Editorial
El cine moderno tuvo como posibilidad de desarrollo dos vías históricamente determinadas. Una, la lógica del autor, que se constituye reivindicando dos cines contrapuestos, el neorrealismo y los autores de Hollywood. Otra, el cine político, que rechaza la idea de autor, y cuyo desarrollo tuvo lugar desde mediados de los años sesenta hasta la década siguiente. Ambas vías fueron influyentes, y ambas, también se extendieron por el mundo. Pero donde la primera aún parece sobrevivir, la segunda no supera el conjunto de esos años, salvo los casos de algunos cineastas que se reconocen en esa tradición, como el de Jean-Marie Straub y Danièle Huillet. Como el cine de autor, la vía política reconoció también sus precedentes, esta vez reivindicando las experiencias de la vanguardia soviética.
Con la vía política comienza lo que podríamos denominar la era de la sospecha en el cine.

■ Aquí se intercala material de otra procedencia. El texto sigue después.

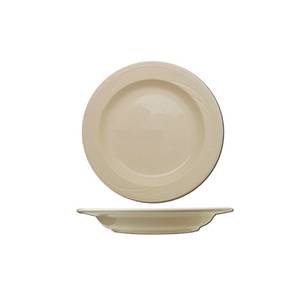 International Tableware, Inc Y-3 York American White 13 oz Ceramic Soup Bowl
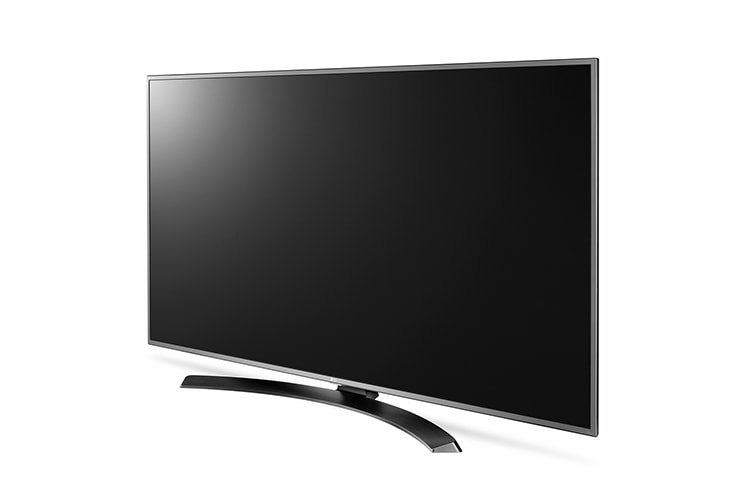 LG 55 inch LG 4K UHD Smart TV, 55UH652T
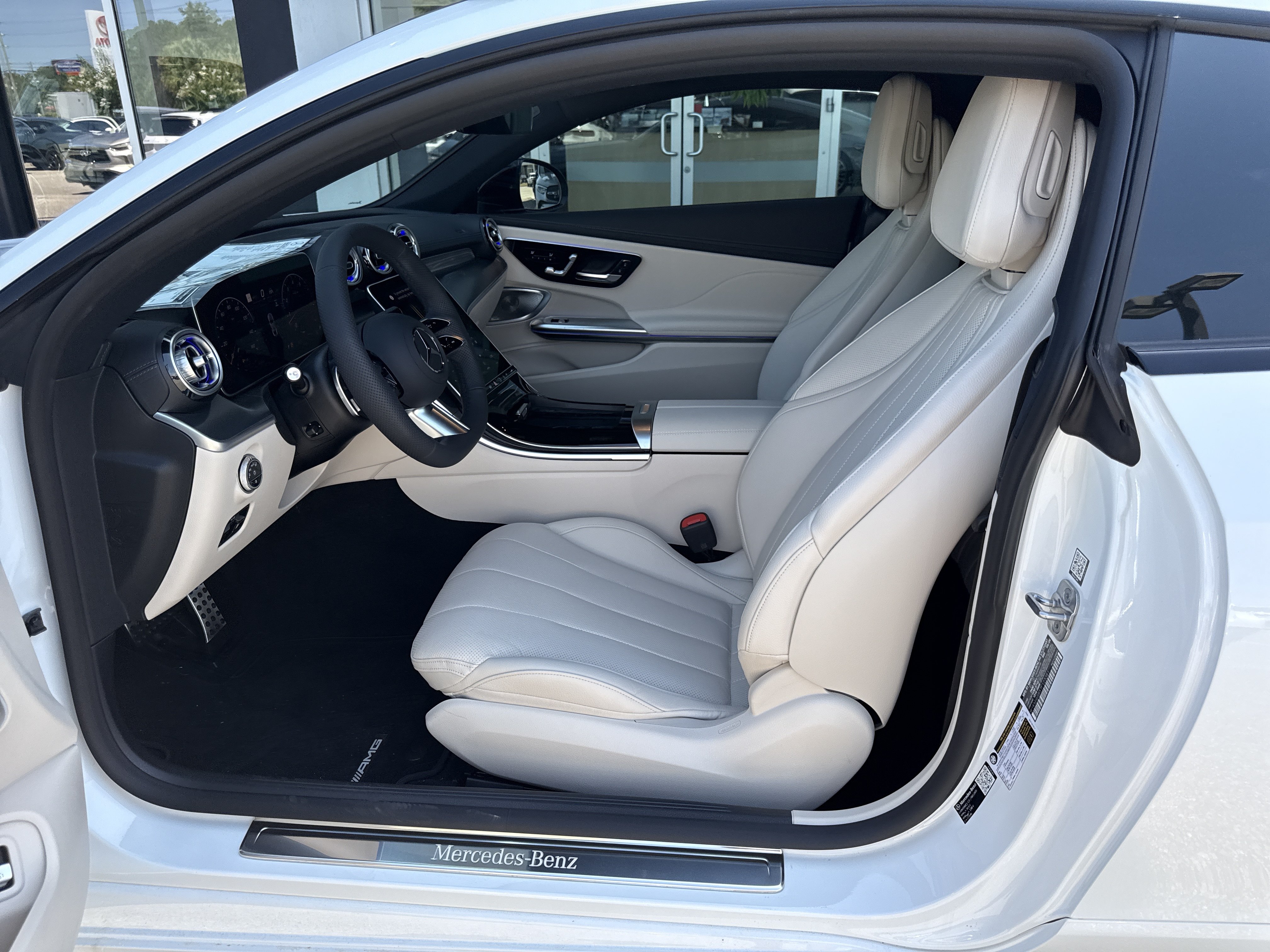 New 2026 Mercedes-Benz CLE 450 4MATIC Coupe image 10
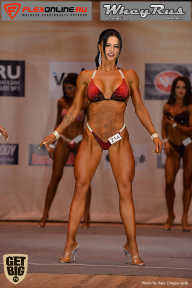Men’s Physique & Bikini Stars - 2017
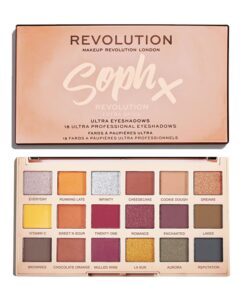 Makeup Revolution X Soph - Extra Spice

Sospecha ideológica sobre el estatuto de la imagen, sobre sus procesos de producción y sus técnicas; desconfianza frente al realismo ontológico baziniano, ya que lo real registrado se había vuelto radicalmente ideológico. Se trataba de buscar una salida a la dimensión de la mercancía que aqueja en su constitución misma al cine. Tomar la vía de la política en el cine implicó, incluso, romper con la cinefilia, con el espectáculo, con el género y, en última instancia, con el cine mismo, para ir al encuentro de la realidad política y social. En Europa y en Estados Unidos, los riesgos tomados fueron sobre todo formales, y también teóricos, porque en estos años se produce una politización masiva de la teoría. En Latinoamérica, los riesgos fueron otros, porque sus cineastas quisieron, como militantes, no sólo acompañar los procesos sociales o dar cuenta de ellos, sino producirlos, darles vía a través del cine.

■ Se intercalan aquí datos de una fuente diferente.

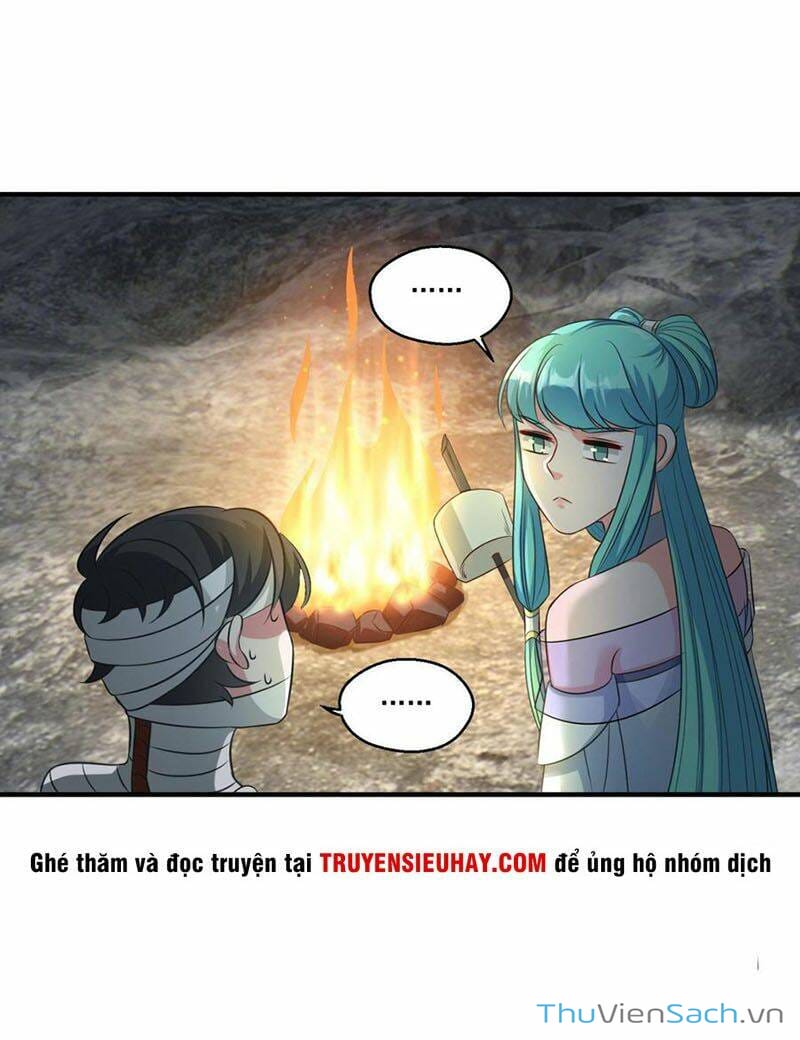 Truyện Tranh Tiên Ma Đồng Tu trang 6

Ahora bien, este cine parece haber muerto con la década misma de los setenta, incluso con los cuerpos que lo sostuvieron, al menos en Latinoamérica. Las ideas se matan, no es cierto lo contrario, pero junto a los hombres que las sostienen. En este número de Kilómetro 111 tratamos de volver a ver el cine político, no tanto por el olvido que parece aquejarlo, sino por el recuerdo vivo de algunas experiencias: una reconstrucción de la escena política mundial en que el cine argentino se inscribió, una lectura de sus documentales, y una exploración del pensamiento de autores que mantuvieron relaciones complejas y diversas con la política como Glauber Rocha, Luis Buñuel y Pier Paolo Pasolini.

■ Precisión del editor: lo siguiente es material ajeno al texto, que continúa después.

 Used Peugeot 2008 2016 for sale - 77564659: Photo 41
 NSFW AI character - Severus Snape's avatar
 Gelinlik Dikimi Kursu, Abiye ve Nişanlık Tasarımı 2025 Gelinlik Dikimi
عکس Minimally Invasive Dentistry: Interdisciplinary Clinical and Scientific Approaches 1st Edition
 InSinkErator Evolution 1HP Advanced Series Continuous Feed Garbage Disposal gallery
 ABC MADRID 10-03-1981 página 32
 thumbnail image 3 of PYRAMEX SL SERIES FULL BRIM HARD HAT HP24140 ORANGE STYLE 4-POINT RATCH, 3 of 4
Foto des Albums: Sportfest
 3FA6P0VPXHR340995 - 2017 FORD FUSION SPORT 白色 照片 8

En cierta oportunidad, Eric Rohmer –tal vez el cineasta más conservador de la Nouvelle Vague-, al dejar la redacción de Les Temps Modernes, escribió: “Si es verdad que la historia es dialéctica, entonces llega un momento en que los valores de conservación son más modernos que los valores de progreso”. Por ahora, esta sentencia parece ir ganando la batalla en el universo cinematográfico (y sin duda en el mundo), ya que la lógica del autor se impone como la lógica más moderna. Que esta fórmula pueda ser invertida en el cine aparece por el momento como imposible. Para nosotros se trata, entonces, de pensar las razones de esta imposibilidad.